ED Coding and Reimbursement Alert

News Brief:

HHS OIG Targets Critical Care Codes in 2001 Work Plan

The Department of Health and Human Services Office of Inspector General (OIG) has released its work plan for fiscal year 2001. The work plan points out the areas the OIG will be looking at for strict enforcement, including areas it will audit to make sure the billing is correct. New to the work plan is a focus on the following:

Critical care codes (99291-99292): Vital to the emergency department (ED), critical care codes (99291, critical care, evaluation and management of the critically ill or critically injured patient; first 30-74 minutes; 99292, each additional 30 minutes) are a new target. OIG will examine the use of the two critical care codes that are only appropriately billed to Medicare if the patient is critically ill and requires constant attention by the physician. The OIG will be examining claim data to determine whether physicians are billing inappropriately for critical care.

You should have thorough documentation if you bill for critical care. Often one or more of the required descriptors or indications of the urgent and critical nature of the care are omitted from the physicians notes. For example, the amount of time the physician spends with the patient is important.

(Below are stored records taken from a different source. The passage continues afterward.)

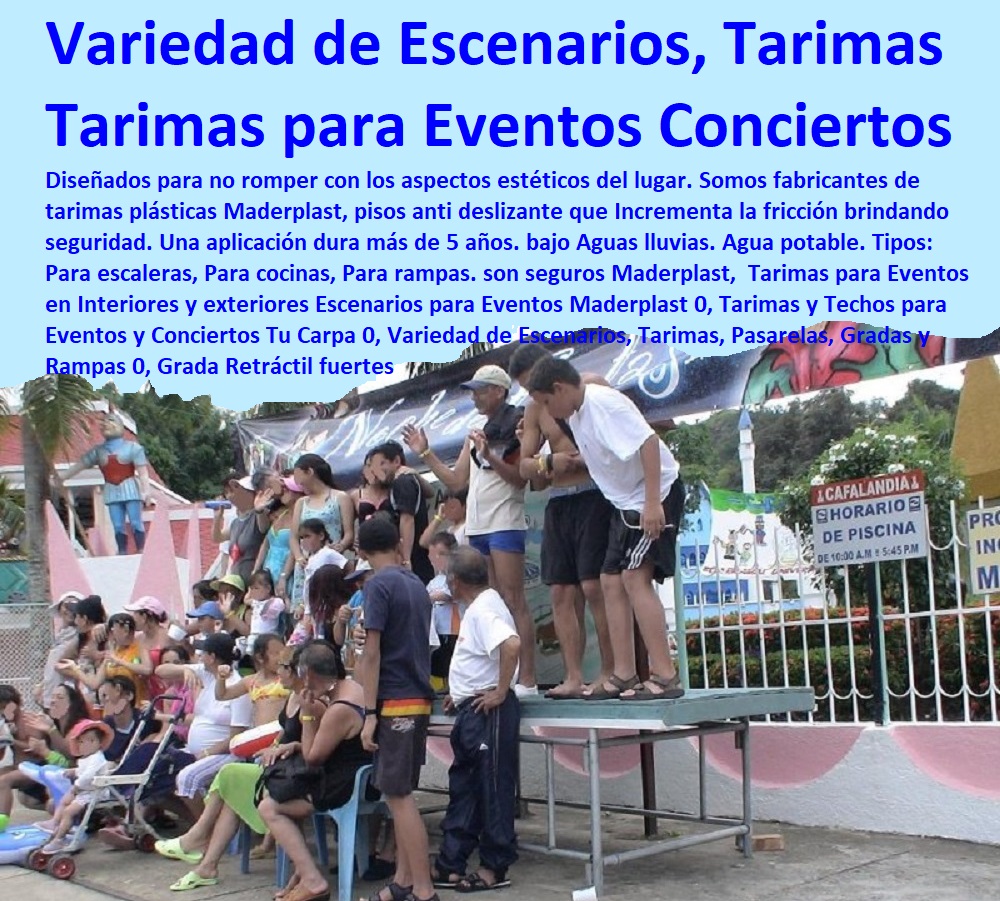 Tarimas para Eventos en Interiores y exteriores Escenarios para Eventos Maderplast 0, Tarimas y Techos para Eventos y Conciertos Tu Carpa 0, Variedad de Escenarios, Tarimas, Pasarelas, Gradas y Rampas 0, Grada Retráctil fuertes Tarimas para Eventos en Interiores y exteriores Escenarios para Eventos Maderplast 0, Tarimas y Techos para Eventos y Conciertos Tu Carpa 0, Variedad de Escenarios, Tarimas, Pasarelas, Gradas y Rampas 0, Grada Retráctil fuertes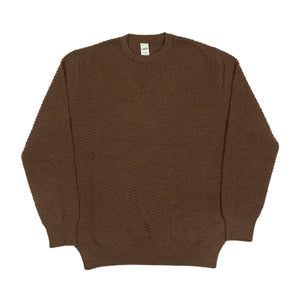 Dash stitch lightweight crewneck sweater in rusty brown merino wool (restock)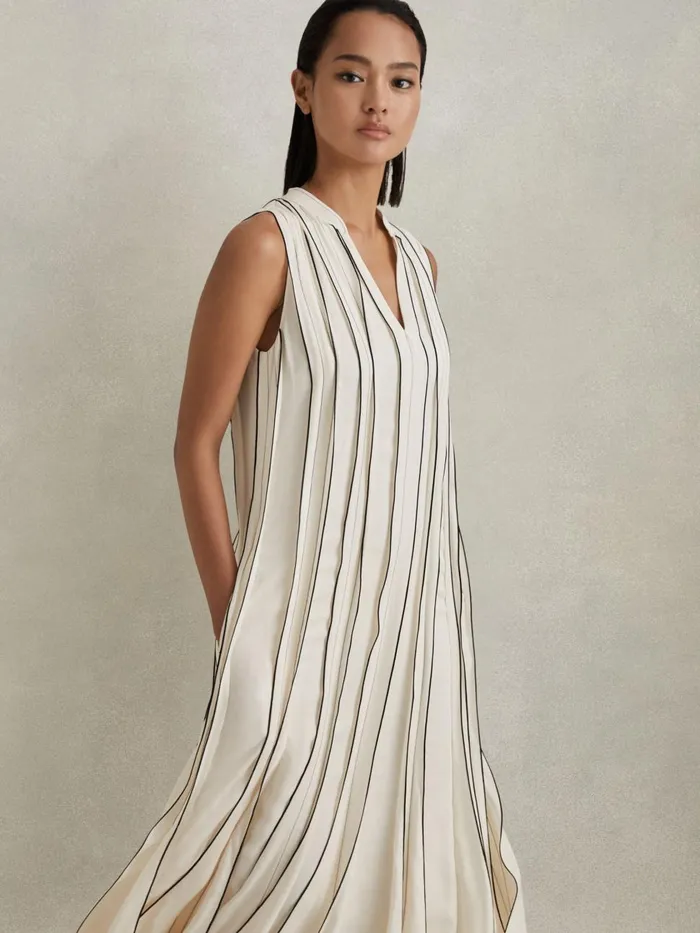 Women Reiss Dresses Sarah Contrast Ruffle Midi Dress Ivory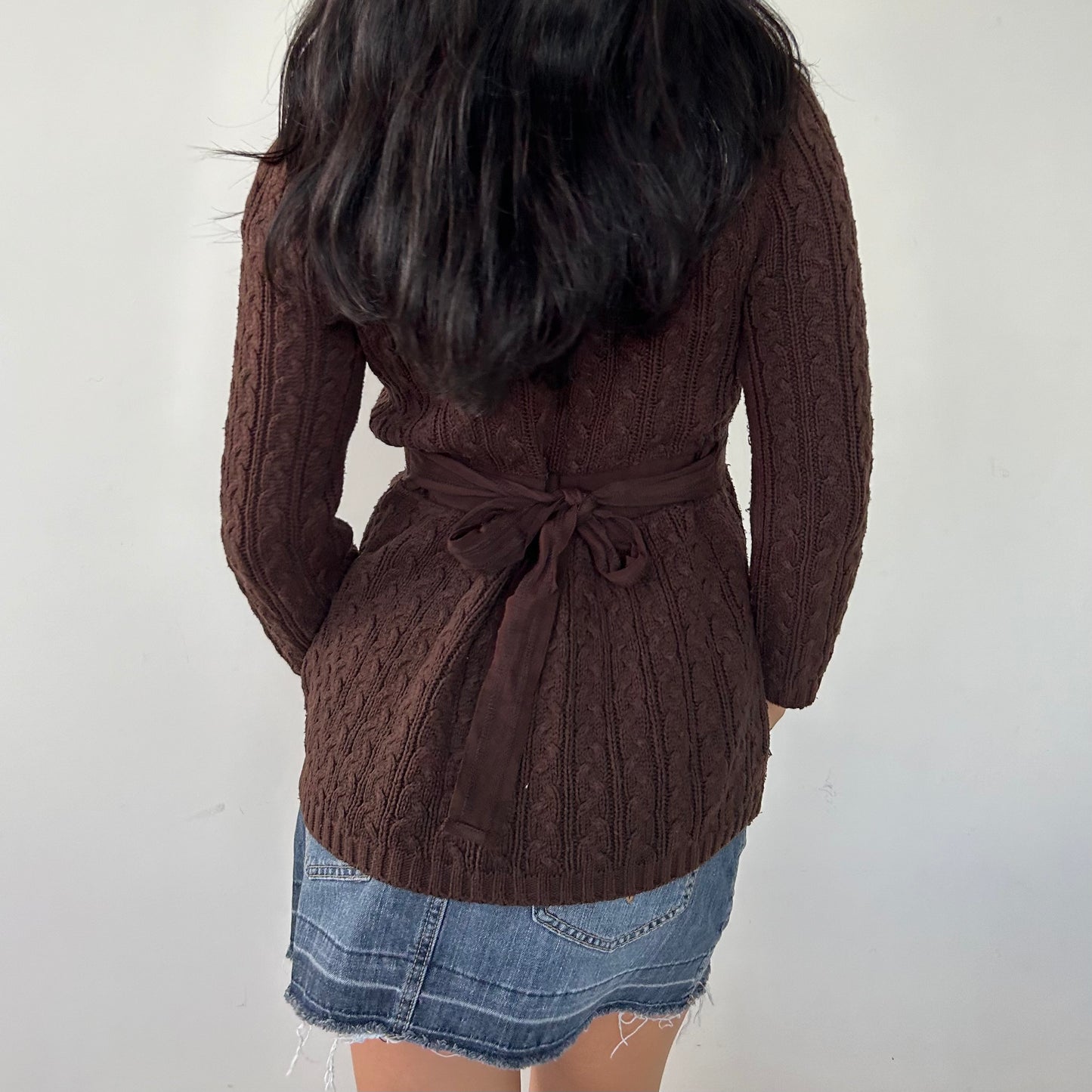 Brown Cable Knit V-Neck Tie Waist Babydoll Cardigan - Small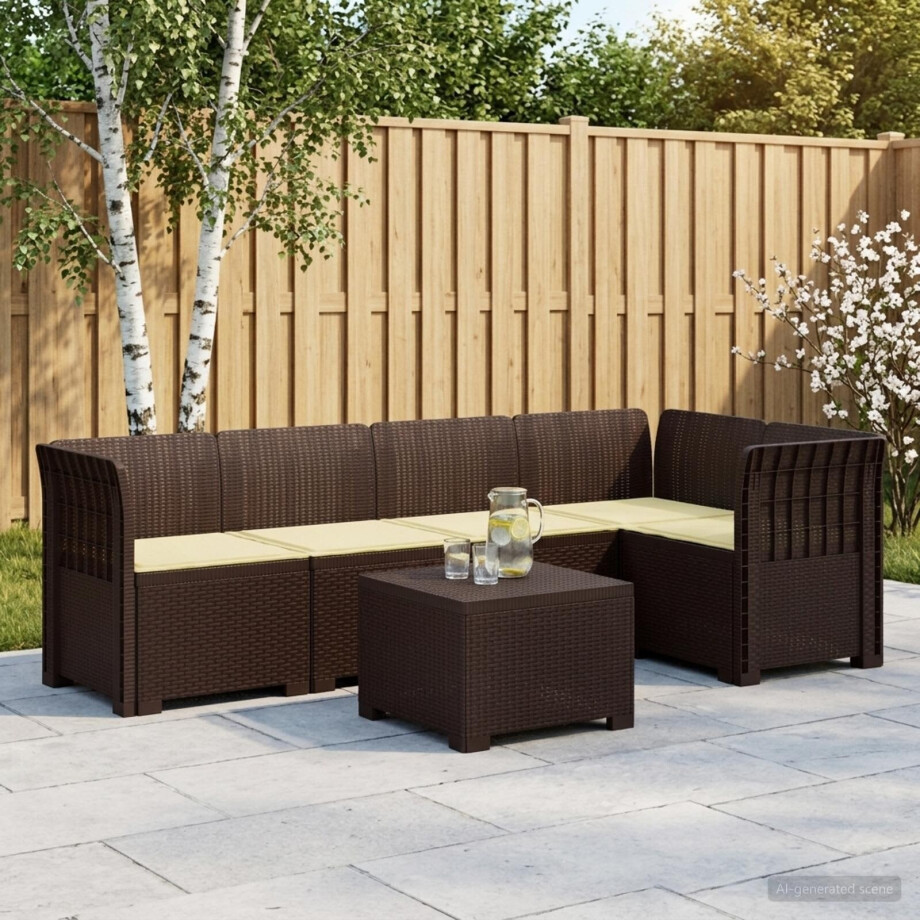 vidaXL 5-Zits Tuin Sofa met Kussens Rattan Look PP Bruin vidaXL 5-Zits Tuin Sofa met Kussens Rattan Look PP Bruin afbeelding 1
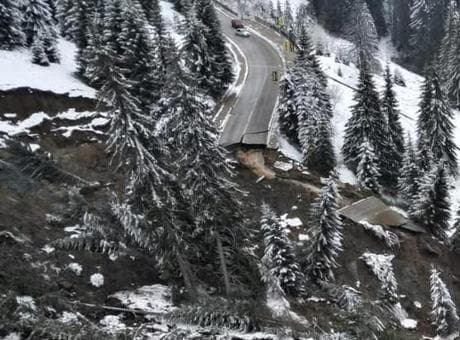 Bulgaristan'da toprak kayması! 60 metrelik yol çöktü, ağaçlar söküldü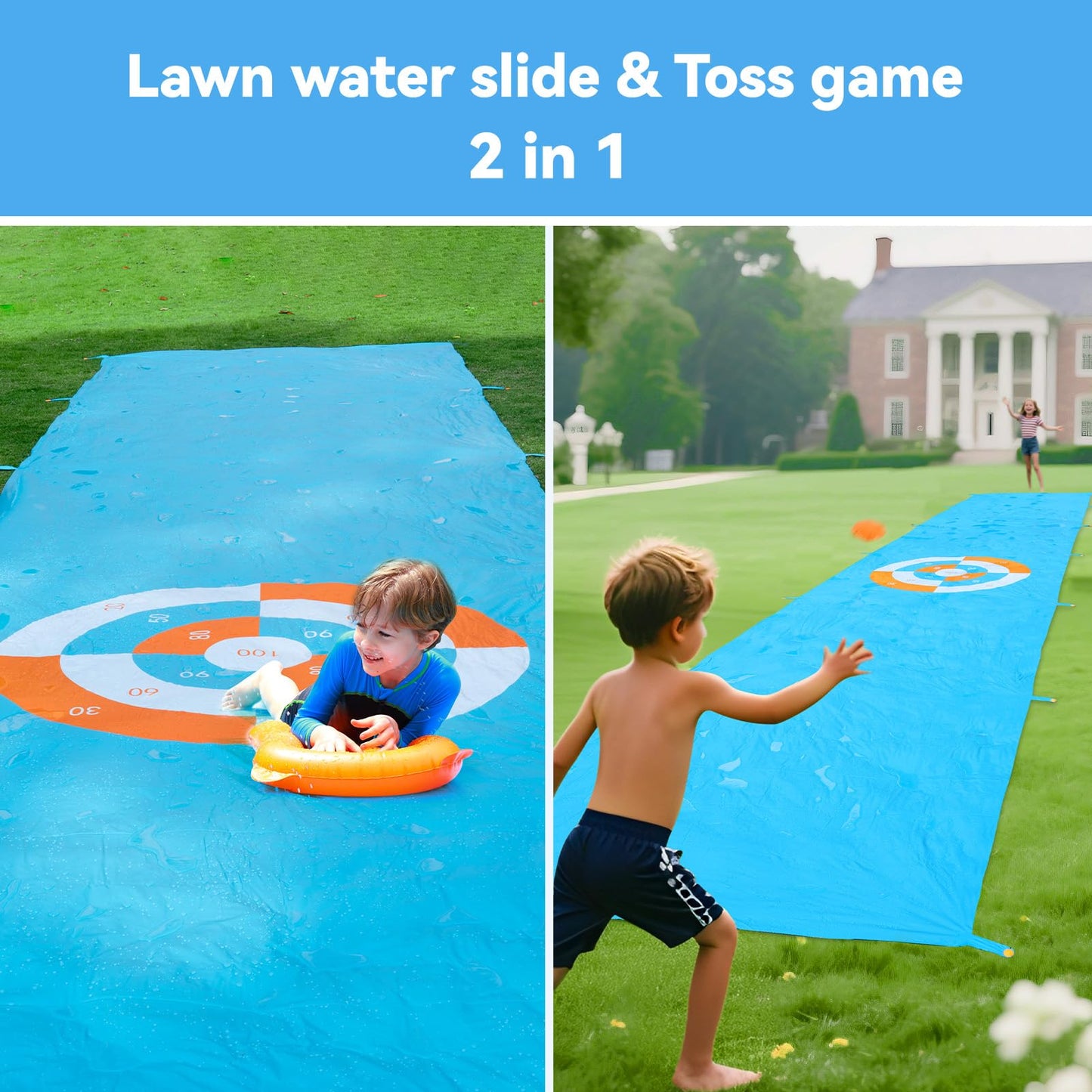 2 in 1 Slip Water Slide and Toss Game, 40FT Slip Lawn Water and Slide for Kids Adults, Summer Outdoor Toy with 2 Bodyboards&6 Water Bags, Backyard Water Toy for Kids Ages 4 6 8 10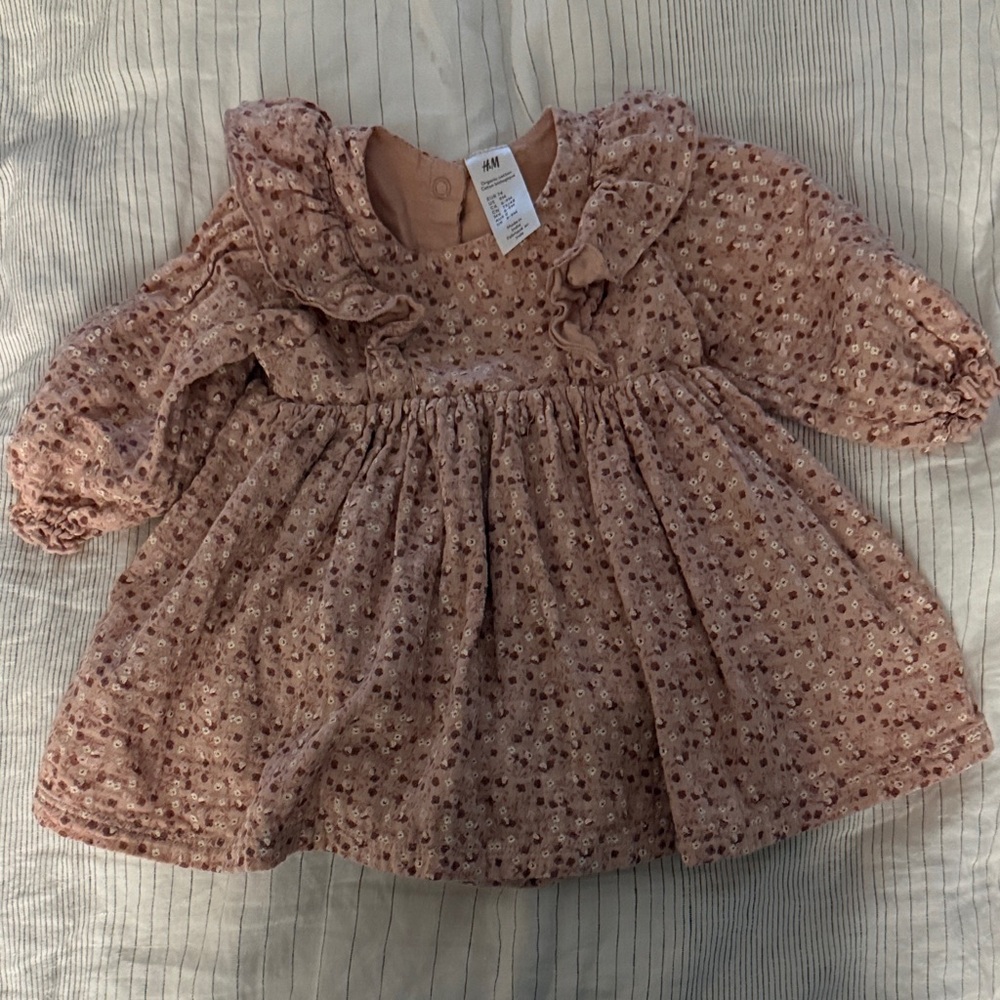 H&M Blush Pink Baby Dress with Floral Pattern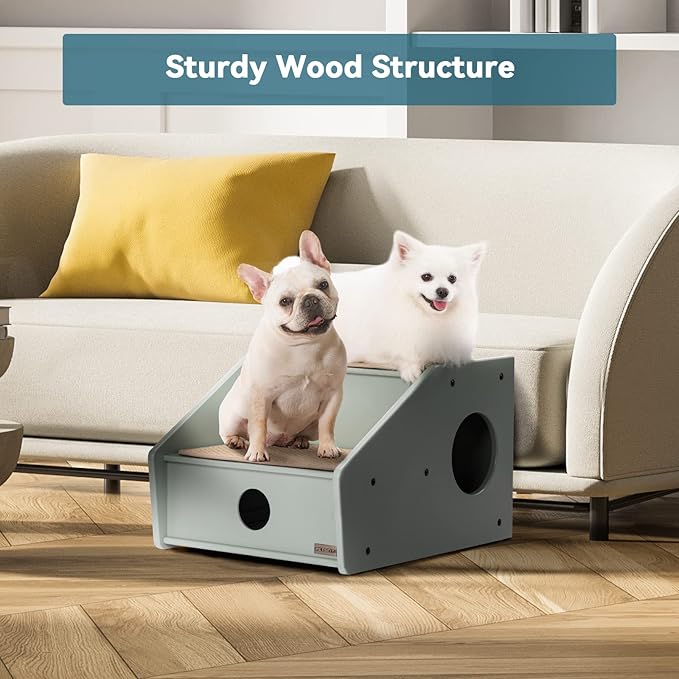 Petsfit Wooden 2 Cat Stairs for Dogs/Cats/Elderly Pets, Non-Slip Dog Steps for High Beds/Couch/Sofa, Green(21x17x14 inch)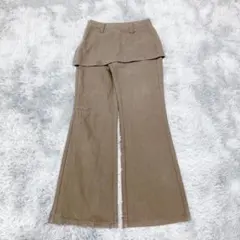『wilful』ウィルフル　レイヤード風　スカートパンツ　フレアパンツ　ベージュ
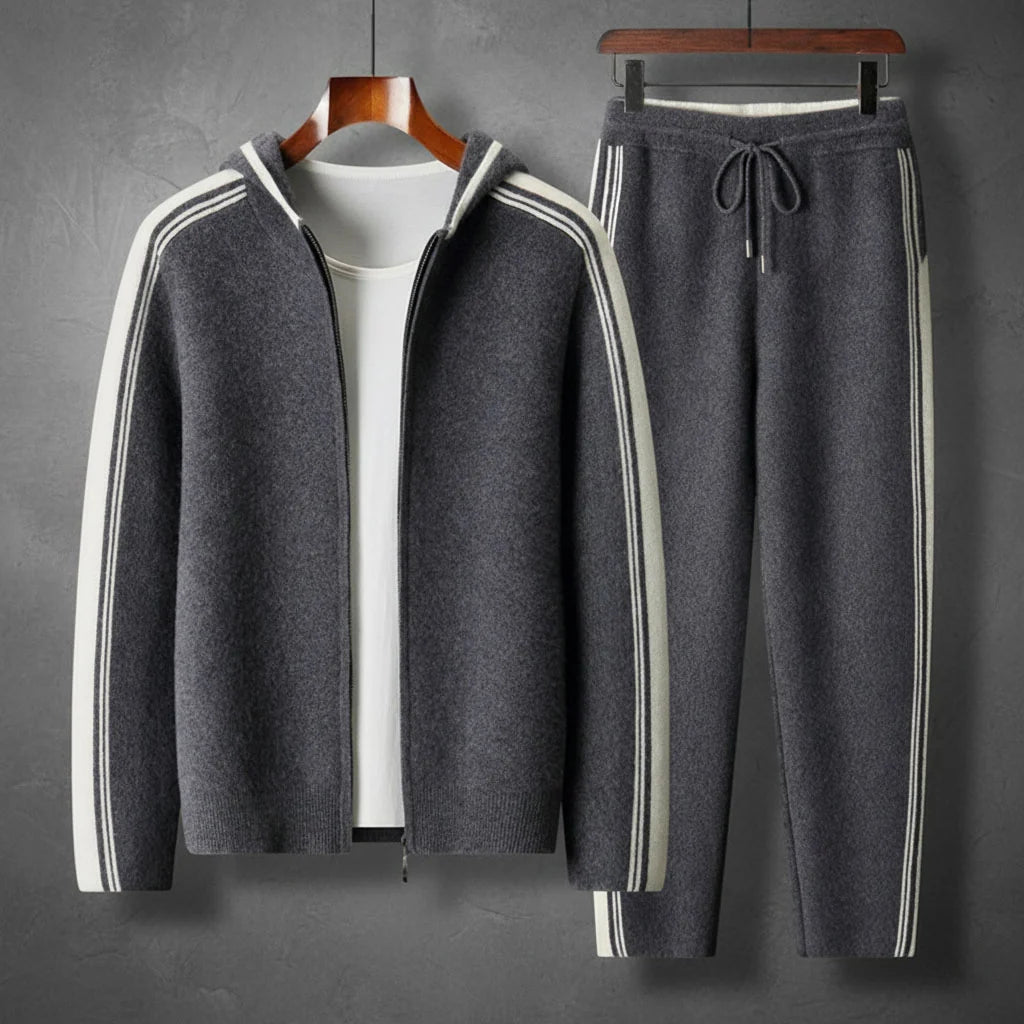 Men's dark gray cashmere hooded zip tracksuit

For more information on correctly coding for critical care see Case Study: Receive Optimum Payment for Critical Care in the October 2000 ED Coding Alert, page 77 and Rules for Determining Critical Care on the Basis of Time in the November 2000 ED Coding Alert, page 85.

Role of nonphysician practitioners: The OIG will identify the scope of services that nonphysician practitioners provide to Medicare patients and determine what potential vulnerabilities have emerged since the Balanced Budget Act of 1997.

ED coders need to be aware of the rules and regulations associated with nurse practitioners (NPs) and physician assistants (PAs) to be properly reimbursed for their services. PAs still need physician supervision, but in most states, NPs do not. The PA must bill if the patient has Medicare, however, with commercial payers the physician may be able to bill.

Note: For more information on nonphysician practitioners see Get Paid for NP and PA Services in the August 2000 ED Coding Alert, page 59.

Services and supplies incident to physicians services: While the OIG will be focusing on the conditions under which physicians bill incident to services and supplies, it is important to remember that incident to has been disallowed in the hospital setting for several years and thus the concept cannot be used in the ED. Physicians may bill for services provided by nurses, technicians and therapists as incident to their professional services in the office setting only.

Physicians need to be aware that they cannot bill incident to in the ED, and they need to make sure their coding/billing companies are aware of this and are not submitting for work that mid-level practitioners do under the physicians billing number, explains John Turner, MD, PhD, medical director for documentation and coding, healthcare financial services at TeamHealth, an ED staffing firm in Knoxville, Tenn.

Coders also need to be aware of two areas from the fiscal year 2000 work plan the OIG will continue to look at:

1. Physicians at teaching hospitals (PATH): OIG will verify that physician services provided in the teaching hospital setting comply with Medicare payment rules and that claims accurately reflect the level of service provided.

2. Reassignment of physician benefits: The practice of allowing physicians to reassign their billing numbers to clinics (which shifts the accountability and liability for billing abuses away from the physician and toward the clinic) will be evaluated.